Action item: Check every line of the data for the word "kitchen", and copy those that have it.

──────── Supplied entries ────────

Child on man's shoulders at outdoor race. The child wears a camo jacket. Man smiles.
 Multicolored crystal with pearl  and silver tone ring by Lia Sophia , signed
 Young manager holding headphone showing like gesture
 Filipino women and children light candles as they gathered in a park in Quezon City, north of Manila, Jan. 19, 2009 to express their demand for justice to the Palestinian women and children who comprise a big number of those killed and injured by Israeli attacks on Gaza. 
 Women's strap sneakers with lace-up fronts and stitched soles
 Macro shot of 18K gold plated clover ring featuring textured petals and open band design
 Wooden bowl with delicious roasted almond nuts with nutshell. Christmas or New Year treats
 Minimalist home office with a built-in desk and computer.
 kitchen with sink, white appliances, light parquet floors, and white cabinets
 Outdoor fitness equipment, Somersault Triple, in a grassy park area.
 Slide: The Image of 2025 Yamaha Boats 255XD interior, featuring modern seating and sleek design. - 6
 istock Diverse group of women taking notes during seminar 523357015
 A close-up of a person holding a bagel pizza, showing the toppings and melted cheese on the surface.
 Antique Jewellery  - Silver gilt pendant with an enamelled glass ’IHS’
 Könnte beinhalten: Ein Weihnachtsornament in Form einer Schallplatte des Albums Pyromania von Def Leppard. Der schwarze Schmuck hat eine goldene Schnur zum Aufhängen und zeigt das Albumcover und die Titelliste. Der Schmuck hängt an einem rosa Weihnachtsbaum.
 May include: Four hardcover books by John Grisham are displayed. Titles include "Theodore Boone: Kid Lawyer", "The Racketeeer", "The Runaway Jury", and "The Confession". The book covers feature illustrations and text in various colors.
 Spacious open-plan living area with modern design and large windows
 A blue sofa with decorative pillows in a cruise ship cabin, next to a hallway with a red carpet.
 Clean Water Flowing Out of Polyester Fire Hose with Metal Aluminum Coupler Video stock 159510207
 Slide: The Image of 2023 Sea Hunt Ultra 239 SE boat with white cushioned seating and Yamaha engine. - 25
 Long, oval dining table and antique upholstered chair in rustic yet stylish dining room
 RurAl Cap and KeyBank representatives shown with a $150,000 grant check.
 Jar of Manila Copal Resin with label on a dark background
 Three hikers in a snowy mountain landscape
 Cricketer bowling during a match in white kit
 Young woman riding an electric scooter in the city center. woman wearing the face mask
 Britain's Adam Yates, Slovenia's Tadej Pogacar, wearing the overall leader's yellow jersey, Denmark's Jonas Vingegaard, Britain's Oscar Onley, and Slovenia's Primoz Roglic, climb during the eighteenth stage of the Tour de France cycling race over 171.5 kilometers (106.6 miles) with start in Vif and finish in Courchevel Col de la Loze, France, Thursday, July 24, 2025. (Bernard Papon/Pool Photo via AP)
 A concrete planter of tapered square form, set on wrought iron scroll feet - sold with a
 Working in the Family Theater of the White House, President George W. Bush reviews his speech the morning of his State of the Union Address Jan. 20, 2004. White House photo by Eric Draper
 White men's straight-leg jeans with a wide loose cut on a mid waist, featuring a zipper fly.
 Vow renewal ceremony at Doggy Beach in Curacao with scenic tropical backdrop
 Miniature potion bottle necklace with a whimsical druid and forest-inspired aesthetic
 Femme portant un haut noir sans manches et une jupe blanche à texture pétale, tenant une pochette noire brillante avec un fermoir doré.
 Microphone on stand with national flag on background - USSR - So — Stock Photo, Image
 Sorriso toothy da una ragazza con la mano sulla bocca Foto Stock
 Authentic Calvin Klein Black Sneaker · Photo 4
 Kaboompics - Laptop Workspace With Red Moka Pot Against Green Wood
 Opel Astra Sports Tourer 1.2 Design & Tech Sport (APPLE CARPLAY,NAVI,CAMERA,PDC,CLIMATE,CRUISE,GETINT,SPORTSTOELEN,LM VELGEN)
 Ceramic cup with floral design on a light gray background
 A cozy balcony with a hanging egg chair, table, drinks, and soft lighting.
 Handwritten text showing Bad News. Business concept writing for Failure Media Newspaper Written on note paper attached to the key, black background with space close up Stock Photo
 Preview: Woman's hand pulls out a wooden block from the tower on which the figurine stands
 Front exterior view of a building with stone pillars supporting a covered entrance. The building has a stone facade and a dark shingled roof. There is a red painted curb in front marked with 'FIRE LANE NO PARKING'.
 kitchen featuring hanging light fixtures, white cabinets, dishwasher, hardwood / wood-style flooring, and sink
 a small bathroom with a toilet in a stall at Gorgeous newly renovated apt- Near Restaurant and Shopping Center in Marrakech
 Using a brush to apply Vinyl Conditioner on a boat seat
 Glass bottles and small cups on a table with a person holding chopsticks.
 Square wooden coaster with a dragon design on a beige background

────────

Answer section:
 kitchen with sink, white appliances, light parquet floors, and white cabinets
 kitchen featuring hanging light fixtures, white cabinets, dishwasher, hardwood / wood-style flooring, and sink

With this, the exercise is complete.